TITLE IV - ENHANCED FINANCIAL DISCLOSURES
SEC. 402. ENHANCED CONFLICT OF INTEREST PROVISIONS.
(a) PROHIBITION ON PERSONAL LOANS TO EXECUTIVES. - Section 13 of the Securities
Exchange Act of 1934 (15 U.S.C. 78m), as amended by this Act, is amended by
adding at the end the following:
"(k) PROHIBITION ON PERSONAL LOANS TO EXECUTIVES. -
"(1) IN GENERAL. - It shall be unlawful for any issuer
(as defined in section 2 of the Sarbanes-Oxley Act of 2002), directly or indirectly,
including through any subsidiary, to extend or maintain credit, to arrange for
the extension of credit, or to renew an extension of credit, in the form of
a personal loan to or for any director or executive officer (or equivalent thereof)
of that issuer.

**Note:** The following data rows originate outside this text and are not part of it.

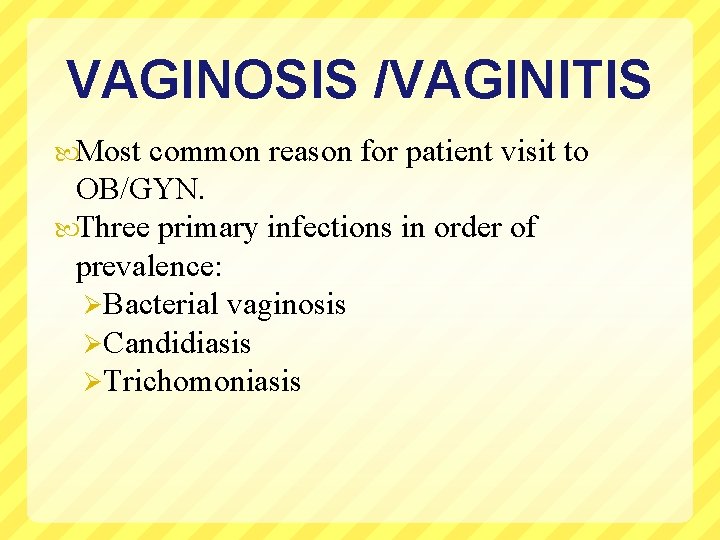 VAGINOSIS /VAGINITIS Most common reason for patient visit to OB/GYN. Three primary infections in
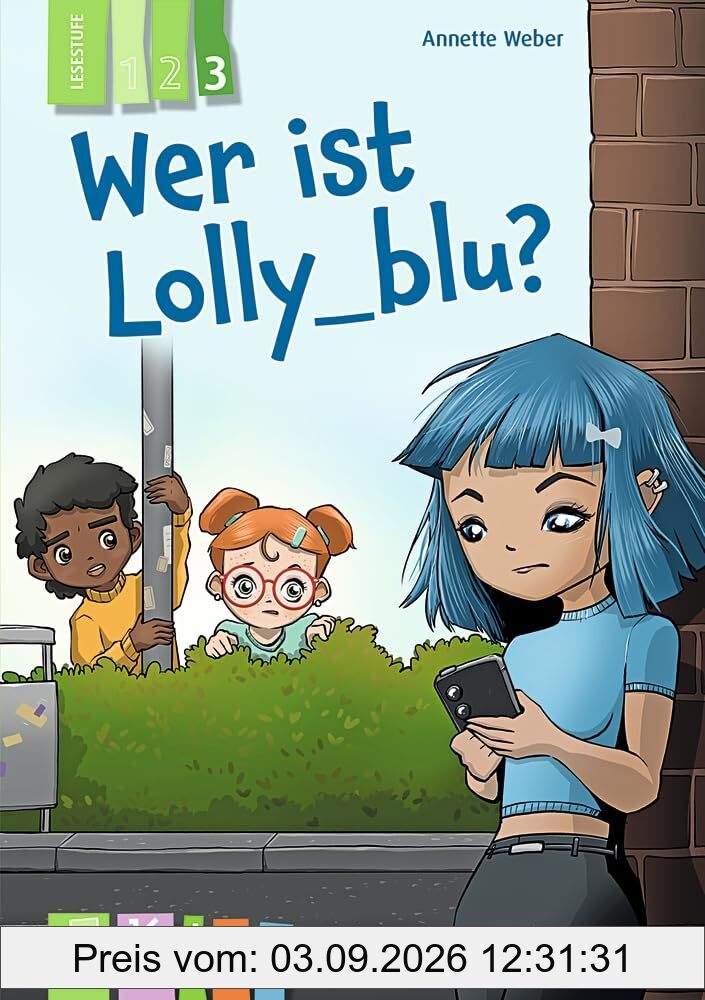 Wer ist Lolly_blu? – Lesestufe 3: Differenzierte Lektüre zur Leseförderung für Klasse 3/4 – aktualisierte Neuauflage (KidS - Klassenlektüre in drei Stufen)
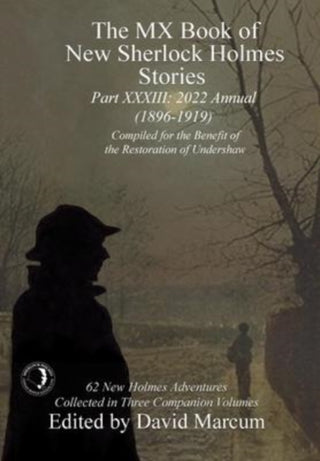 Cover image for 9781804240137 - The MX Book of New Sherlock Holmes Stories - Part XXXIII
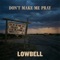 Don't Make Me Pray - Lowbell lyrics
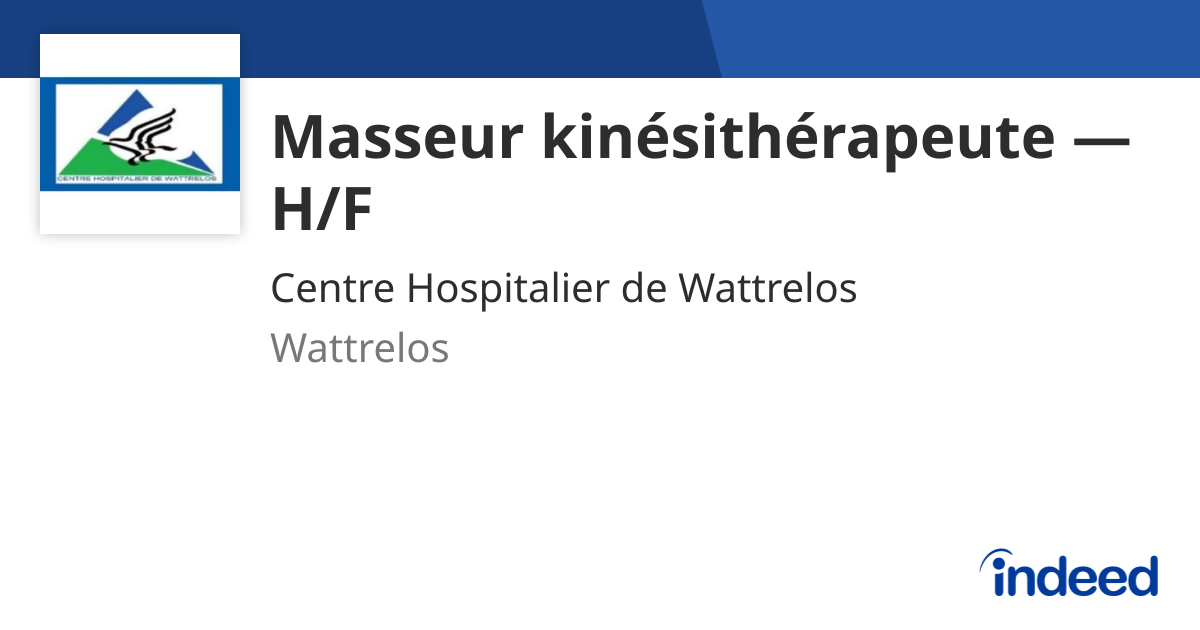 Masseur kinésithérapeute — H/F - Wattrelos (59) - Indeed.com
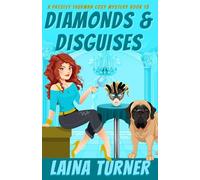 Diamonds & Disguises: A Presley Thurman Cozy Mystery Book 13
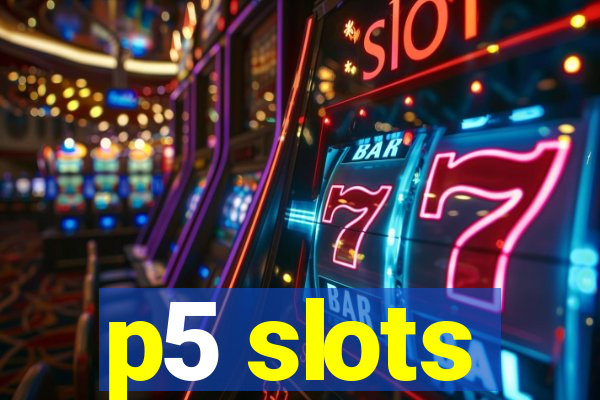 p5 slots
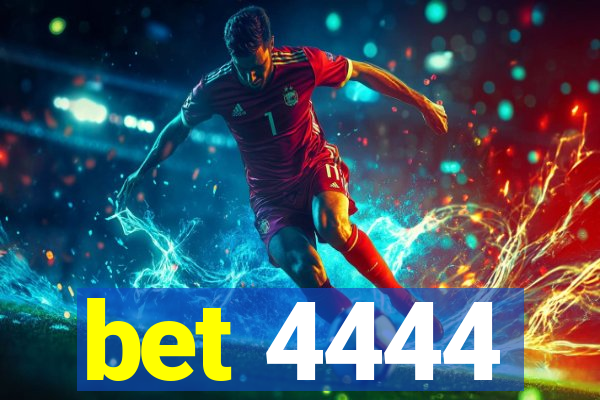 bet 4444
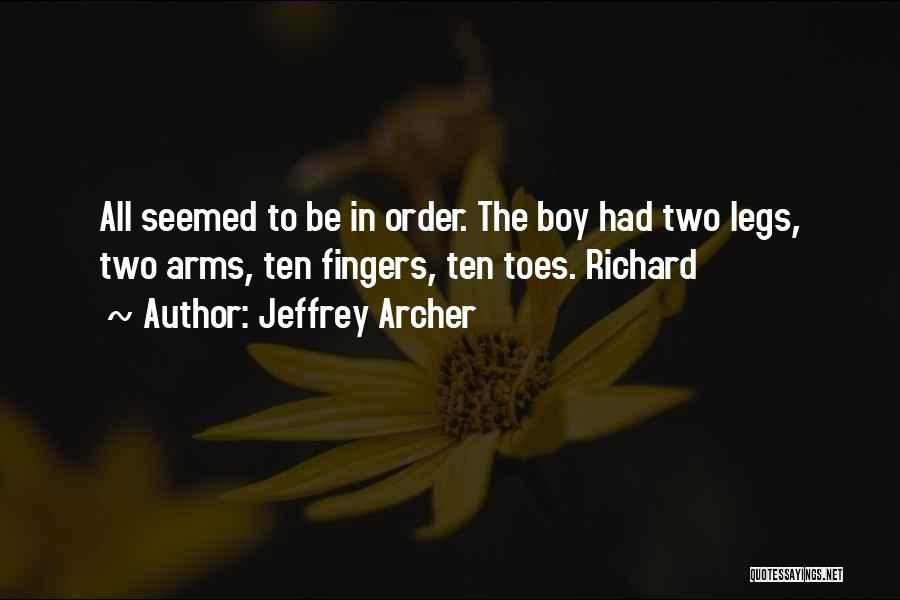 Archer Legs Quotes By Jeffrey Archer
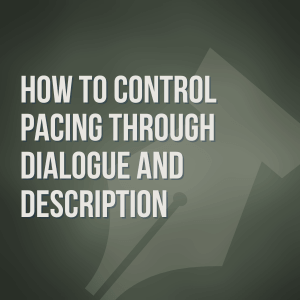 How to Control Pacing Through Dialogue and Description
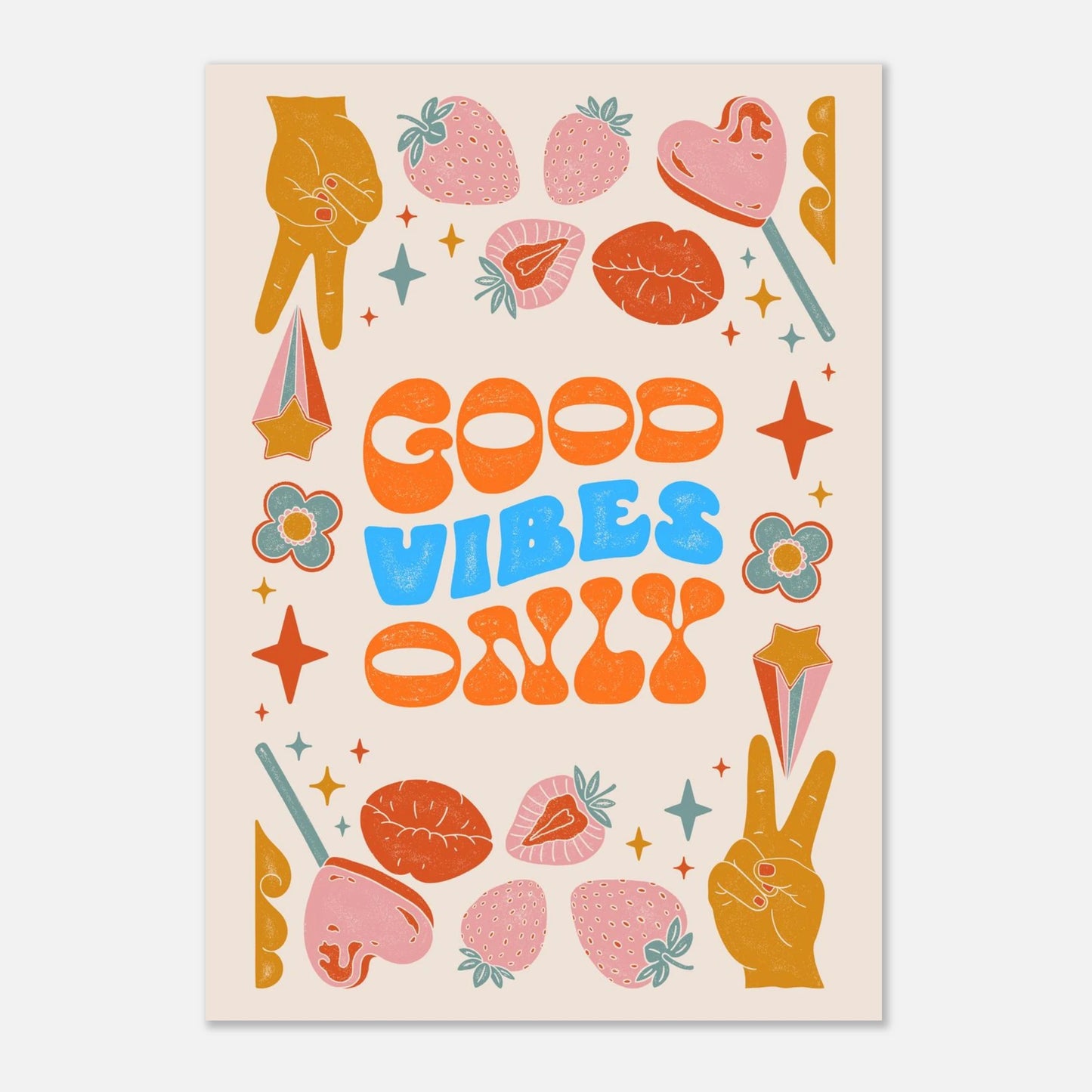 Good Vibes Only A2 poster with colourful inspirational artwork for bedroom, office, and gallery wall decor.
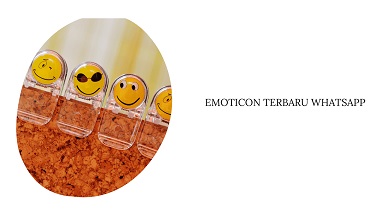 Emoticon Whatsapp Terbaru dan Artinya 2021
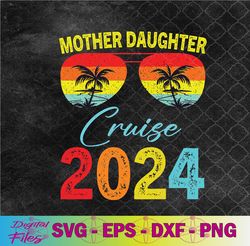 cruise trip mother daughter cruise 2024 vacation mom svg, png, digital download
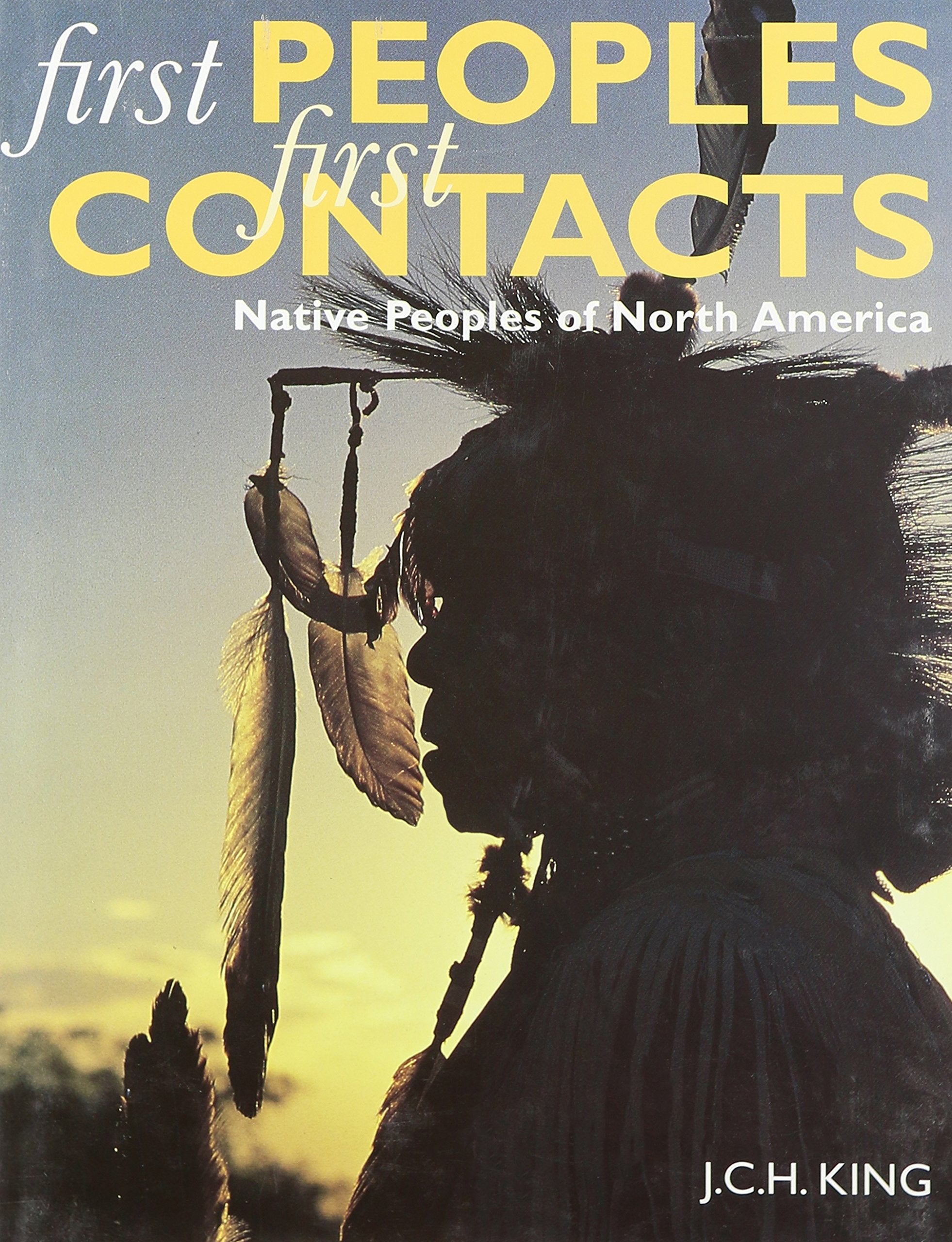 First Peoples, First Contacts: Native Peoples of North America,Used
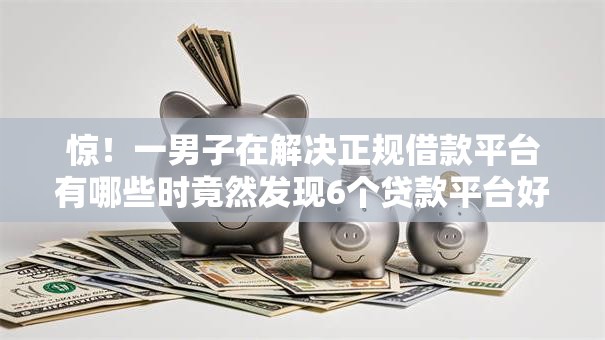 惊！一男子在解决正规借款平台有哪些时竟然发现6个贷款平台好贷，事后分享了出来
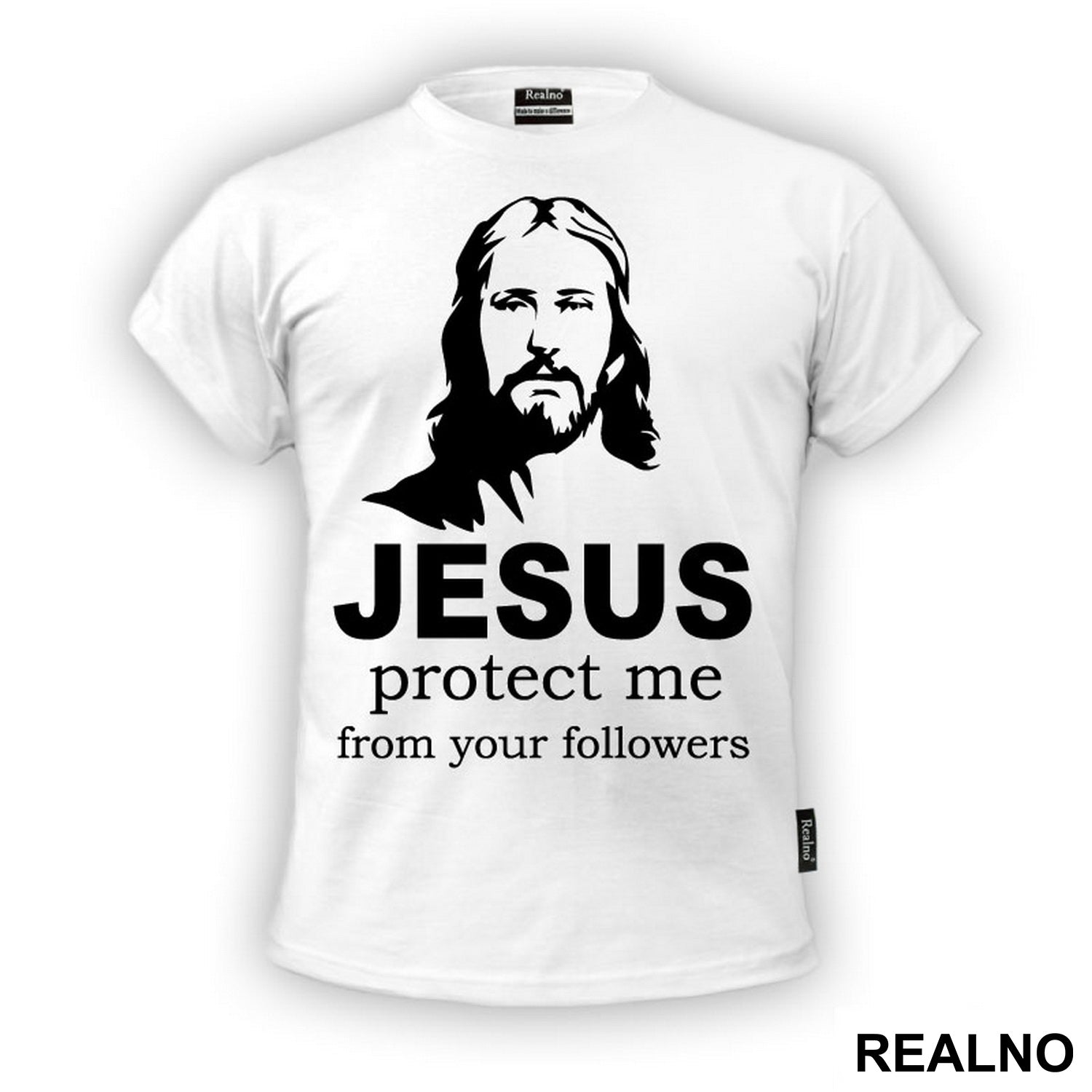Jesus Protect Me From Your Followers - Atheist - Majica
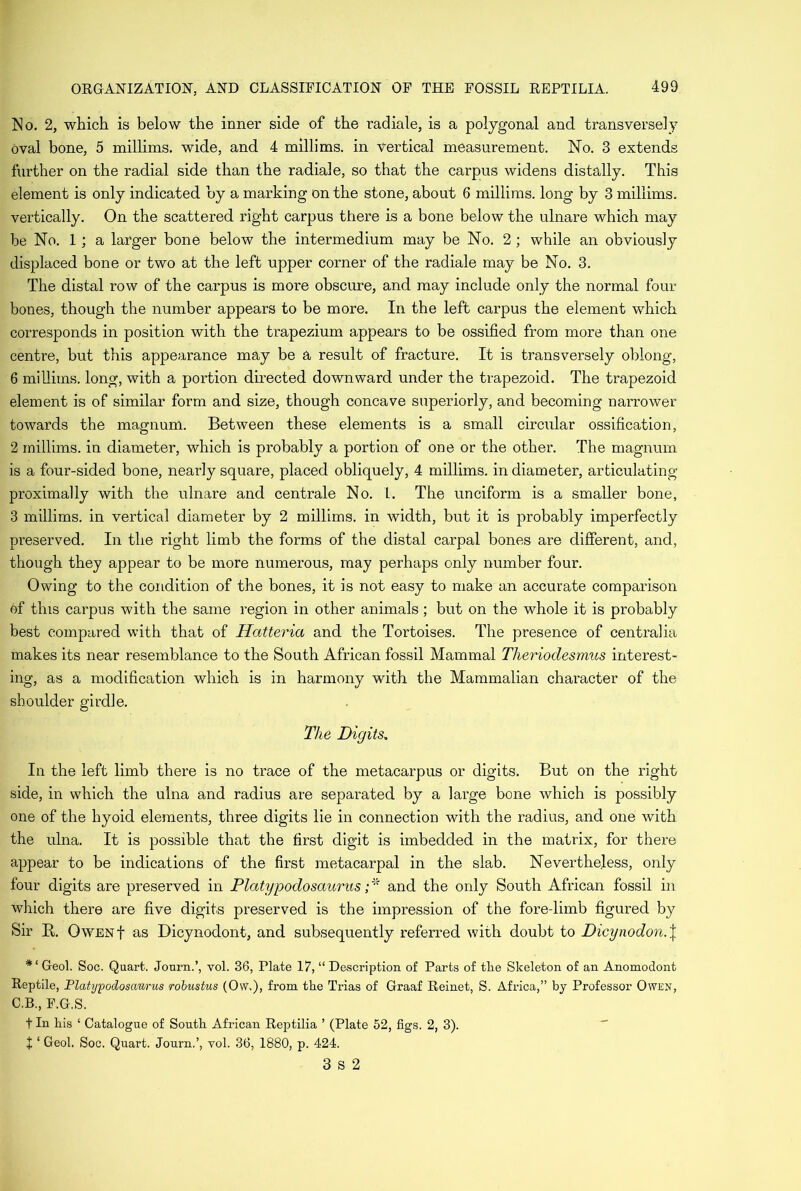 No. 2, which is below the inner side of the radiale, is a polygonal and transversely oval bone, 5 millims. wide, and 4 millims. in vertical measurement. No. 3 extends further on the radial side than the radiale, so that the carpus widens distally. This element is only indicated by a marking on the stone, about 6 millims. long by 3 millims. vertically. On the scattered right carpus there is a bone below the ulnare which may be No. 1; a larger bone below the intermedium may be No. 2 ; while an obviously displaced bone or two at the left upper corner of the radiale may be No. 3. The distal row of the carpus is more obscure, and may include only the normal four bones, though the number appears to be more. In the left carpus the element which corresponds in position with the trapezium appears to be ossified from more than one centre, but this appearance may be a result of fracture. It is transversely oblong, 6 millims. long, with a portion directed downward under the trapezoid. The trapezoid element is of similar form and size, though concave superiorly, and becoming narrower towards the magnum. Between these elements is a small circular ossification, 2 inillims. in diameter, which is probably a portion of one or the other. The magnum is a four-sided bone, nearly square, placed obliquely, 4 millims. in diameter, articulating proximally with the ulnare and centrale No. L. The unciform is a smaller bone, 3 millims. in vertical diameter by 2 millims. in width, but it is probably imperfectly preserved. In the right limb the forms of the distal carpal bones are different, and, though they appear to be more numerous, may perhaps only number four. Owing to the condition of the bones, it is not easy to make an accurate comparison of this carpus with the same region in other animals; but on the whole it is probably best compared with that of Hatteria and the Tortoises. The presence of centralia makes its near resemblance to the South African fossil Mammal Therioclesmus interest- ing, as a modification which is in harmony with the Mammalian character of the shoulder girdle. The Digits» In the left limb there is no trace of the metacarpus or digits. But on the right side, in which the ulna and radius are separated by a large bone which is possibly one of the hyoid elements, three digits lie in connection with the radius, and one with the ulna. It is possible that the first digit is imbedded in the matrix, for there appear to be indications of the first metacarpal in the slab. Nevertheless, only four digits are preserved in Platypodosaurus ;* and the only South African fossil in which there are five digits preserved is the impression of the foredimb figured by Sir B,. Owenf as Dicynodont, and subsequently referred with doubt to Dicynodon.\ Geol. Soc. Quart. Journ.’, vol. 36, Plate 17, “ Description of Parts of the Skeleton of an Anomodont Reptile, Platypodosaurus robustus (Off.), from the Trias of Graaf Reinet, S. Africa,” by Professor Owen, C.B., F.G.S. t In his ‘ Catalogue of South African Reptilia ’ (Plate 52, figs. 2, 3). + 1 Geol. Soc. Quart. Journ.’, vol. 36, 1880, p. 424. 3 s 2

An extension of credit maintained by the issuer on the date
of enactment of this subsection shall not be subject to the provisions of this
subsection, provided that there is no material modification to any term of any
such extension of credit or any renewal of any such extension of credit on or
after that date of enactment.
"(2) LIMITATION. - Paragraph (1) does not preclude any
home improvement and manufactured home loans (as that term is defined in section
5 of the Home Owners’ Loan Act (12 U.S.C. 1464)), consumer credit (as
defined in section 103 of the Truth in Lending Act (15 U.S.C. 1602)), or any
extension of credit under an open end credit plan (as defined in section 103
of the Truth in Lending Act (15 U.S.C. 1602)), or a charge card (as defined
in section 127(c)(4)(e) of the Truth in Lending Act (15 U.S.C. 1637(c)(4)(e)),
or any extension of credit by a broker or dealer registered under section 15
of this title to an employee of that broker or dealer to buy, trade, or carry
securities, that is permitted under rules or regulations of the Board of Governors
of the Federal Reserve System pursuant to section 7 of this title (other than
an extension of credit that would be used to purchase the stock of that issuer),
that is -
"(A) made or provided in the ordinary course of the consumer
credit business of such issuer;
"(B) of a type that is generally made available by such
issuer to the public; and
"(C) made by such issuer on market terms, or terms that
are no more favorable than those offered by the issuer to the general public
for such extensions of credit.
"(3) RULE OF CONSTRUCTION FOR CERTAIN LOANS. - Paragraph
(1) does not apply to any loan made or maintained by an insured depository institution
(as defined in section 3 of the Federal Deposit Insurance Act (12 U.S.C. 1813)),
if the loan is subject to the insider lending restrictions of section 22(h)
of the Federal Reserve Act (12 U.S.C. 375b).".